The U.S. Geological Survey (USGS) has produced estimates of the technically recoverable oil from ANWR and the coastal plain outside of presently active fields and ANWR.  The USGS has a history of greatly exaggerating technically recoverable oil amounts.  In their 1995 assessment of technically recoverable oil resources for the U.S., excluding oil from federal offshore waters, they estimate that the US/48 could technically produce 82.8 billion barrels after Jan. 1, 1994.  Based upon the decline curve for the region from 1992-2001, the region will ultimately produce 34.8 billion barrels after Jan. 1, 1994.  The USGS assessment is high by a factor of 2.38.  The oil production data in the table assumes that the ultimate recovery from ANWR will be the USGS average estimate divided by 2.38, which comes to 4.4 billion barrels and that production will start in 2010.  Other Alaskan production in the table is for future North Slope production outside of currently active fields and ANWR and is based upon the USGS average estimate divided by 2.38. 

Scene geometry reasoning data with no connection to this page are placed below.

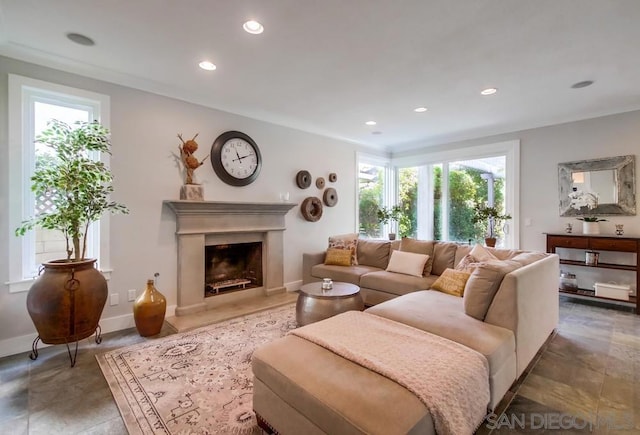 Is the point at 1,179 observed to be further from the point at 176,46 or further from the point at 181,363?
the point at 181,363

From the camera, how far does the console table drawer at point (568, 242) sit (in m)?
4.05

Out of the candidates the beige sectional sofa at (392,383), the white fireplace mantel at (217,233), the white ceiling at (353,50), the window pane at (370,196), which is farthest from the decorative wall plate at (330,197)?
the beige sectional sofa at (392,383)

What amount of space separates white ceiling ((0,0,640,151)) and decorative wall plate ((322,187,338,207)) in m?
1.57

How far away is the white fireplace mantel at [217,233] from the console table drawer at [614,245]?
13.5ft

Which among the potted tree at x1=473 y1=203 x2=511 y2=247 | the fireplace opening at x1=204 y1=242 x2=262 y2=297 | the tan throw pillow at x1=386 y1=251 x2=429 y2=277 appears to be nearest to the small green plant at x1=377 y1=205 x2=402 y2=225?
the potted tree at x1=473 y1=203 x2=511 y2=247

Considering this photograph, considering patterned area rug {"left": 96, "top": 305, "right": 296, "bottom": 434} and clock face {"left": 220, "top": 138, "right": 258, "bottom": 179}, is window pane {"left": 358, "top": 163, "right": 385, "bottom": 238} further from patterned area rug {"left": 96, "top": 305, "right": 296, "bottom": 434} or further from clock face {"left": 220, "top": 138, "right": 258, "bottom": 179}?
patterned area rug {"left": 96, "top": 305, "right": 296, "bottom": 434}

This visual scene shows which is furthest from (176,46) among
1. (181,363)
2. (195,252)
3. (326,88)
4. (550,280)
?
(550,280)

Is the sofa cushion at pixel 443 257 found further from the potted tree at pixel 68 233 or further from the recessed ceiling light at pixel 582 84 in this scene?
the potted tree at pixel 68 233

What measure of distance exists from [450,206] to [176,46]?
5.09 meters

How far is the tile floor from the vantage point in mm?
1806

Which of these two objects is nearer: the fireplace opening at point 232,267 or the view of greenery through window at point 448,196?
the fireplace opening at point 232,267

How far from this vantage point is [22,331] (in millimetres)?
2807

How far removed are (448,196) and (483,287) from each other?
155 inches

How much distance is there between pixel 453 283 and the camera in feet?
9.89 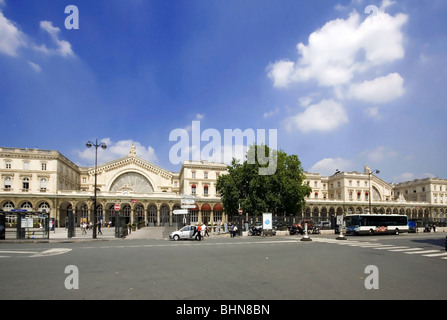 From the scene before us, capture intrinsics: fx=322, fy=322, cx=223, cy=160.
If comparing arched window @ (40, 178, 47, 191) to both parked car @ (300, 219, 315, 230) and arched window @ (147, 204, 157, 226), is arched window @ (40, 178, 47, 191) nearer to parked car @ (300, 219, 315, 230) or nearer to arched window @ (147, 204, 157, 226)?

The 4.4 billion barrels estimate for ANWR may be optimistic.  Colin Campbell, an international petroleum geologist, makes the case that because of geological differences between ANWR and the Prudhoe Bay area, ANWR will have little recoverable oil.  The bulk of the oil found on the North Slope has been in the Prudhoe Bay area, Prudhoe Bay and Kuparak fields, and exploration results outside of the Prudhoe Bay area have been poor.  In the late 1990s, the Clinton administration opened ~4.6 million acres of the National Petroleum Reserve-Alaska (NPR-A) and the Bush administration opened 9 million acres in 2003.  Years of exploration have not turned up any nuggets in the 4.6 million acres opened by the Clinton administration. 


Katrina summary: 60% of oil and 40% of gas production is still shut in 10 days after Katrina. q.v.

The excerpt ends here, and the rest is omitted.